**ASSIGNED TASK**
The required output is the line containing "Lock n Lock" and every line after it, transcribed exactly through the end of the data below.

Scraped caption text data:
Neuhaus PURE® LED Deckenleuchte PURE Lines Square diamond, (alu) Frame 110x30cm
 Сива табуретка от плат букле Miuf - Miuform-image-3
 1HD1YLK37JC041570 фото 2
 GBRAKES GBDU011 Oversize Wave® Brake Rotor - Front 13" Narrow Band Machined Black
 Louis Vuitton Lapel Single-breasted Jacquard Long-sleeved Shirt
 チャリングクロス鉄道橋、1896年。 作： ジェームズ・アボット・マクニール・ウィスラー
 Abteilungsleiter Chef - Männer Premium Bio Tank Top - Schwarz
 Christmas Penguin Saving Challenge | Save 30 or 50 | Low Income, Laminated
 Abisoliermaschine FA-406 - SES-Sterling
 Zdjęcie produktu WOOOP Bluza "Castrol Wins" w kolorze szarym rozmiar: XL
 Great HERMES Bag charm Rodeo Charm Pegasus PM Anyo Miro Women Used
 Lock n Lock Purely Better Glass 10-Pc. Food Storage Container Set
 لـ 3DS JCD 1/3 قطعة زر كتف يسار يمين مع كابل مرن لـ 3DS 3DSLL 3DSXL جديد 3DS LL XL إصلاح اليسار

**OUTPUT FOR THIS EXERCISE**
 Lock n Lock Purely Better Glass 10-Pc. Food Storage Container Set
 لـ 3DS JCD 1/3 قطعة زر كتف يسار يمين مع كابل مرن لـ 3DS 3DSLL 3DSXL جديد 3DS LL XL إصلاح اليسار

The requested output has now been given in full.